A conference in Tate Modern’s Starr Cinema, Gender in Chinese Contemporary Art, took place on 22 February 2018, in the opening week of three of the exhibitions. Many of the exhibiting artists attended, with some participating in panel discussions and giving talks that offered insights into their practice. In addition, HOME in Manchester programmed a series of short films by Chinese women artists across two evenings in February and March, with a particular focus on subjective responses to societal shifts in China in the twentieth and twenty-first centuries.

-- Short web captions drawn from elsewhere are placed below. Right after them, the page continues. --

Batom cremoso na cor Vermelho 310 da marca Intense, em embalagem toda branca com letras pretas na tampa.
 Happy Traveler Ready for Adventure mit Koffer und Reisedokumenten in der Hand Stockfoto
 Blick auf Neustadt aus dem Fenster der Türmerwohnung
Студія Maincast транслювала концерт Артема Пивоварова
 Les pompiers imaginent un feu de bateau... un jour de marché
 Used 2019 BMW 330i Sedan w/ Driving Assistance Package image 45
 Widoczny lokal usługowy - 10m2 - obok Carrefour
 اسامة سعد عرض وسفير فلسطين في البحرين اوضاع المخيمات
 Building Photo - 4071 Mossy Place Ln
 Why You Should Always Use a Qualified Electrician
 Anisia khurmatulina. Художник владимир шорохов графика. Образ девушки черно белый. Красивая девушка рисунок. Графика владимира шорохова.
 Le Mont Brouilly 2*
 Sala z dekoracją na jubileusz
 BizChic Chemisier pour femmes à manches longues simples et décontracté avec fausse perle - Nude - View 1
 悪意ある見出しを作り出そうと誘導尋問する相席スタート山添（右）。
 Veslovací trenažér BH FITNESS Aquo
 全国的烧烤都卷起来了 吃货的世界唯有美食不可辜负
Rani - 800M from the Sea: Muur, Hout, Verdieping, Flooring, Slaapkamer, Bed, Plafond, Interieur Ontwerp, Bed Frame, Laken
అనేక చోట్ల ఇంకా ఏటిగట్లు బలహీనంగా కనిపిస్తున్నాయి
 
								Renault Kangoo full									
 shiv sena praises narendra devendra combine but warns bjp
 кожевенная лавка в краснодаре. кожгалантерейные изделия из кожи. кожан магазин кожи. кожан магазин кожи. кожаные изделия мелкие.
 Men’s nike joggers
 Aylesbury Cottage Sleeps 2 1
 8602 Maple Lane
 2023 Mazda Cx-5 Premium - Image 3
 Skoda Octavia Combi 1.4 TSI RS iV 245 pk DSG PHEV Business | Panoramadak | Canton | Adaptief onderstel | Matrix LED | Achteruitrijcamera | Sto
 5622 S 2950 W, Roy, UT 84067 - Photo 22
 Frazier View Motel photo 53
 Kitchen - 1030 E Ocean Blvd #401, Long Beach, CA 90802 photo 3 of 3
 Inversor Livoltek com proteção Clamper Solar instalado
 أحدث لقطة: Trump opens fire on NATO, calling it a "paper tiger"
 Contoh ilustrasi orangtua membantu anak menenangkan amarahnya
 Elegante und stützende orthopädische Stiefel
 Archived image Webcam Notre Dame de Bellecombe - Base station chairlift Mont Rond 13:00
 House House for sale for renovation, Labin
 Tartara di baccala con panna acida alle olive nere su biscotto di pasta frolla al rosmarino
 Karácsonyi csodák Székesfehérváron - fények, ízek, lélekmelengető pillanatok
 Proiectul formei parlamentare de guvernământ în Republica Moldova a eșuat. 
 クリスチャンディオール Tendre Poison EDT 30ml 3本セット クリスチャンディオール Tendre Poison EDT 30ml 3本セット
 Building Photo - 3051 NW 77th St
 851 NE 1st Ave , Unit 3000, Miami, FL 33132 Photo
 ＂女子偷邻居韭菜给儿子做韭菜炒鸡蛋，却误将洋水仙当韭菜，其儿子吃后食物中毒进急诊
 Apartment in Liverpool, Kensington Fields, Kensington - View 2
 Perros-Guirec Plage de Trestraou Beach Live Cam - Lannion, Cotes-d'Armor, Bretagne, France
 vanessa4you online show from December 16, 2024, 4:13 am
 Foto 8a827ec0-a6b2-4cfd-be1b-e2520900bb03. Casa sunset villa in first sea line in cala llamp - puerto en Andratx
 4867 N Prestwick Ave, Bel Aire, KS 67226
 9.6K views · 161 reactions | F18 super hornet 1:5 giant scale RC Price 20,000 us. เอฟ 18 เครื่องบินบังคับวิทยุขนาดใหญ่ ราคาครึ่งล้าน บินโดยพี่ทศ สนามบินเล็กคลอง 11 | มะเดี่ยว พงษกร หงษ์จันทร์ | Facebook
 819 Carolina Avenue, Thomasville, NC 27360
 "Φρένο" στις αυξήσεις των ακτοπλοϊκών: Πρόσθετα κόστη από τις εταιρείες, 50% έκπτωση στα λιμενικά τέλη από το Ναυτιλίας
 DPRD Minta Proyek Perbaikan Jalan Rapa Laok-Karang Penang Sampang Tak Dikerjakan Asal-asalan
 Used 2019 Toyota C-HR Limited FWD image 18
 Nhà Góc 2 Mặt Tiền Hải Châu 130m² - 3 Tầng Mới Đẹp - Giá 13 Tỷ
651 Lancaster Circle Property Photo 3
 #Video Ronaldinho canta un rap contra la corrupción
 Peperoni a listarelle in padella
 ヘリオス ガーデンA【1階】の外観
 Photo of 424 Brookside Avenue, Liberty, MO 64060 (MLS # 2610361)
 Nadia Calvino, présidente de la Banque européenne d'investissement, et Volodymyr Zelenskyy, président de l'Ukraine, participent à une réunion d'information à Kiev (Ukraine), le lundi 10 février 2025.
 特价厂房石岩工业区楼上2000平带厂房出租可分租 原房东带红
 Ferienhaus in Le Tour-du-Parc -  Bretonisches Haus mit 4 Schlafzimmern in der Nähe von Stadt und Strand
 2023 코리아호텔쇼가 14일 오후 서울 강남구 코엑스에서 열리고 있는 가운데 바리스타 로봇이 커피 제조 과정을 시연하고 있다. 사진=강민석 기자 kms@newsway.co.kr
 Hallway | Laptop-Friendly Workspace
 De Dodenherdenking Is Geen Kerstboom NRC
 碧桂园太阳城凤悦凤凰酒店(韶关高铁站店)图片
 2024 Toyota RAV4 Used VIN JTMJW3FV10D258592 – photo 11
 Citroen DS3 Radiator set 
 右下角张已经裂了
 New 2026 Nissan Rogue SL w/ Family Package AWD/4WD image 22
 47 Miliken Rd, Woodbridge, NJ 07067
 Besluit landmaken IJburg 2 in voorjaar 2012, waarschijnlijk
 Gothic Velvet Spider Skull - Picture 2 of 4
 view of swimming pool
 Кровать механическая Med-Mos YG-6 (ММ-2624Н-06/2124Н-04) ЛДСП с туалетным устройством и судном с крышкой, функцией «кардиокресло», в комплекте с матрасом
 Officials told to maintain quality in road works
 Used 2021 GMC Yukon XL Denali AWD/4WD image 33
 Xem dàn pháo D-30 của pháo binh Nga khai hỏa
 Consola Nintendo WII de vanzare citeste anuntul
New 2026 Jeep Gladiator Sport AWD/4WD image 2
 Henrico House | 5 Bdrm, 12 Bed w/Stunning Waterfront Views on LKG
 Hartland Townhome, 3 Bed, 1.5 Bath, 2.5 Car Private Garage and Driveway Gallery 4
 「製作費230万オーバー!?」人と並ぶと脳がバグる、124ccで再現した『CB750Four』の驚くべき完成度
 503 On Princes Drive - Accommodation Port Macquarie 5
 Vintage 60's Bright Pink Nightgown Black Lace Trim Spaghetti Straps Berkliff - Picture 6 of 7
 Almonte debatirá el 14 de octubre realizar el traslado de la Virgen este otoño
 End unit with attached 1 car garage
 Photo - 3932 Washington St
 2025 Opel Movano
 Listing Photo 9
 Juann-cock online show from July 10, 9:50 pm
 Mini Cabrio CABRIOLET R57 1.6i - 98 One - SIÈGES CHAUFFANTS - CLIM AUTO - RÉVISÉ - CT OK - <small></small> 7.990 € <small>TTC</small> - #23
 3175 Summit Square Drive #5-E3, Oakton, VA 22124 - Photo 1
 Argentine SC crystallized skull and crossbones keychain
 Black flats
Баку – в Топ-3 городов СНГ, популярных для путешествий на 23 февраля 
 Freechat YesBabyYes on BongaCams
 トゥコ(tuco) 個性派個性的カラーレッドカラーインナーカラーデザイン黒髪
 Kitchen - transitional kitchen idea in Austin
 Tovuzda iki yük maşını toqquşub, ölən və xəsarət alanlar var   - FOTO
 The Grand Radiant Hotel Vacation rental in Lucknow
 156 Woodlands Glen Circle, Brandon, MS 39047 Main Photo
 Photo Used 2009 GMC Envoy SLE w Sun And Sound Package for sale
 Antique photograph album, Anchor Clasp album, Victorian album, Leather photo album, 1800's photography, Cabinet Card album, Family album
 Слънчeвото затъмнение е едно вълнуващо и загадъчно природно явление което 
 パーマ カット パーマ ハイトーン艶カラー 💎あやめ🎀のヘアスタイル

Such a bold undertaking – shared by these organisations up and down the country – begs the question: what were British audiences able to learn about art made by Chinese contemporary women artists? One might suggest that NOW succeeded in showing that the output of these artists is varied and ambitious, particularly in the medium of the moving image and in the way that the artists address the wider effects of new technology. Yet the more crucial question might be: why has it taken quite so long for these artists to be shown in the UK, and in such a programmatic way? Many of them have already enjoyed significant attention in China and elsewhere in Europe. So, while one accomplishment of this initiative was to assert that art by women can be complex and diverse, another has been to bring a rich range of works by Chinese women artists to a larger audience across Britain.